Cancer treatment is not one size fits all. Physicians must consider the different mutations, tumor formations, and affected tissue types of a case and tailor treatment to each patient. To find the most effective treatment for each patient, doctors and researchers sometimes use patient derived tumor samples to test which drugs work best on a particular tumor before administering the drugs to patients.
However, current patient derived tissue models such as organoids are limited by slow results, low reproducibility, and an inaccurate representation of the tumor environment. In a recent Cell Stem Cell study, researchers at Duke University developed a system for generating patient derived miniature tissue spheres that are smaller than organoids (1). The researchers used these tiny tissue samples, called micro-organospheres (MOS), to assess a broad range of drugs and produce results in as little as two weeks.
The new study represents “a new dimension of the drug discovery field,” said Jesse Boehm, a cancer researcher at the Broad Institute of MIT and Harvard who was not affiliated with this study. “This is a thorough proof-of-concept study that begins to show the feasibility of each step in the process,” from device manufacturing, to confirming the accuracy of the model, and to performing drug studies.
Xiling Shen, a cancer biologist at Duke University and author of the study, used samples from a tumor biopsy to generate micro-tumors ex vivo that represent the genetics and microenvironment of the original tumor. Since MOS are smaller than organoids, they have a shorter growth timeline that allows for faster drug testing. One tumor biopsy can be used to generate more than a thousand MOS, maximizing the use of one sample. The researchers recapitulated the patient’s immune microenvironment by retaining immune cells in the MOS and ensuring that they responded to immunotherapy.
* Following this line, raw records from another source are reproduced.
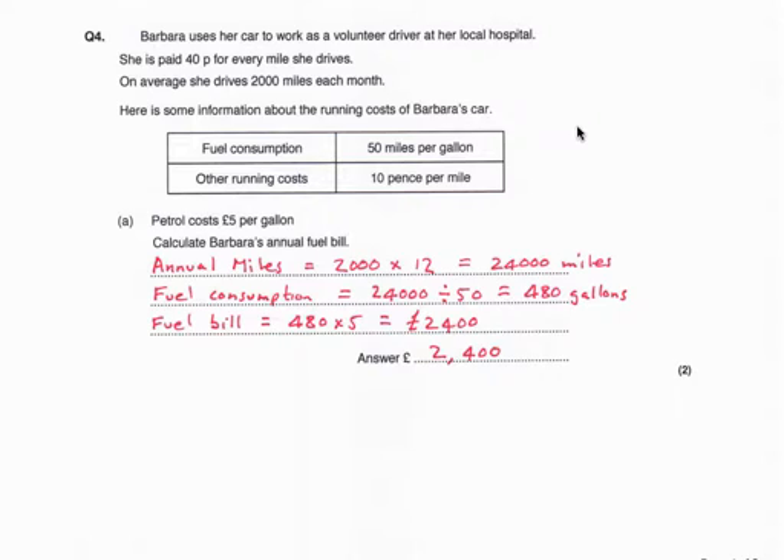First we find how many miles she does: 2,000 a month times 12 months gives 24,000 miles in a year. She gets 50 miles per gallon, so 24,000 divided by 50 tells us she uses 480 gallons. The bill for fuel is £5 per gallon, so 480 times 5 is £2,400.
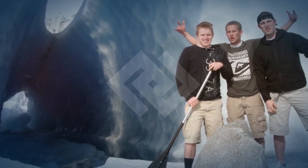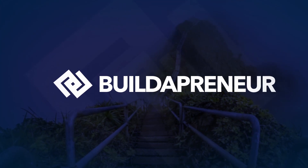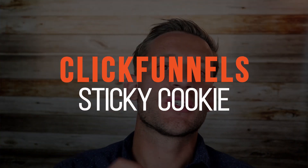Does the ClickFunnels Sticky Cookie still boggle your mind? Honestly, it's one of the best kept secrets of all time — no one fully understands it. In this video, we're going to break down the ClickFunnels Sticky Cookie and help you understand exactly how it works. This is Spencer from Buildapreneur. If you stay to the end, I'm going to give you a really cool trick to make sure you never lose out on commissions again due to cookie issues.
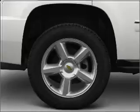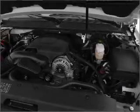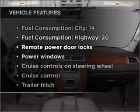Premium wheels lend a distinctive appearance. The anti-lock braking system will keep you safe on the road. Plus, enjoy these notable features that are included in this vehicle.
To validate their approach, Shen’s team first tested more than one hundred FDA-approved drugs on MOS derived from a patient with rectal cancer and found that the cancer was sensitive to the drug oxaliplatin. The researchers then incorporated biopsies from 7 additional patients into the sample group. Four samples were sensitive to oxaliplatin, and the other four were resistant.
The team next gave each patient oxaliplatin, and the results matched Shen’s team’s prediction; the four patients whose MOS were sensitive to oxaliplatin responded well to the treatment. The sizes of their liver lesions decreased. Three of the four patients resistant to oxaliplatin did not respond to the drug.
With their MOS system, Shen’s team can screen a wide range of drugs, including checkpoint inhibitors, which are drugs that help cancer cells detect and attack cancerous cells, as well as immune modulators and antibody drugs. Shen’s team started a clinical trial in June of 2022 to test patient tumor samples on a wider scale.
The authors of the study also established their own startup company, Xilis, to develop a MOS commercial assay for use in the clinic. Shen believes that researchers could translate this proof of concept to other diseases and patient derived cell types to study conditions that don’t have reliable drug testing models.
“For the first time, you can reliably do drug testing in a clinic setting within 10 days, and also be able to assess immune drugs that right now don't have comparable preclinical models,” said Shen.
- Ding, S. et al. Patient-derived micro-organospheres enable clinical precision oncology. Cell Stem Cell 29, 905-917 (2022).